Computer giant Apple and The Conservation Fund partnered in 2015 to purchase about 3,600 acres of forest in Brunswick County, bordering the Green Swamp Preserve. The site includes 629 acres of wetlands and 9 miles of streams, according to The Conservation Fund.

According to an Oct. 2017 Apple report on paper and packaging strategy, timber from the Brunswick Forest and Maine’s Reed Forest has been pulped and used to generate enough pulp to make a stack of iPhone 6s boxes that, stacked on top of each other, would stand more than 1,500 times as high as Mt. Everest.

"As our paper demands grow and change, we will continue protecting and creating enough responsibly managed forest to cover all our packaging needs," Apple stated in a 2017 environmental sustainability report.

In fiscal year 2017, Apple for the first time produced more fiber from its conservation project than it had used the year before.

Working forests such as those in Brunswick County and Maine provide timber and pulp. According to The Conservation Fund, almost 45 million acres of the nation’s 420 million acres of working forest are facing peril from encroaching development. Apple and The Conservation Fund have partnered to purchase a 3,600-acre forest in Brunswick County near the Green Swamp Preserve. 

"As forests become fragmented, their ability to filter our water and remove carbon dioxide from the air is compromised, and there is less space for wildlife to live and migrate. That harms our climate, our wild places and our economy," a Conservation Fund spokeswoman wrote in an email.

The Venus’ flytrap and Hessel’s hairstreak butterfly are among those that can be found on the Brunswick land, according to a natural resource assessment commissioned by The Conservation Fund.
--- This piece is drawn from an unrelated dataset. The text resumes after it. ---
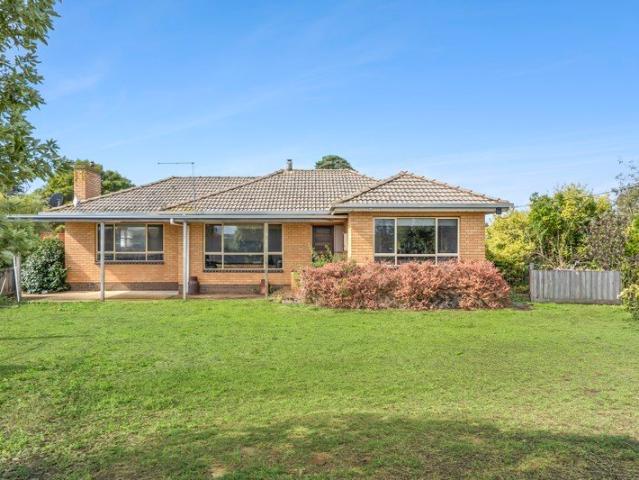 Cottage for sale in Coragulac, Victoria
To protect those natural resources, The Conservation Fund implemented its Working Forest Fund program.

"It buys time," the spokeswoman wrote, adding funding helps the environmental group develop a management plan and implement safeguards before it is returned to private ownership or a public agency.

In Brunswick County, the land is protected by a conservation easement, guaranteeing it will remain a forest.

The Conservation Fund has bolstered that forest by trees on 300 acres of the land, including 40 acres of longleaf pine and Atlantic white cedar. In total, at least 185,000 trees have been planted on the site.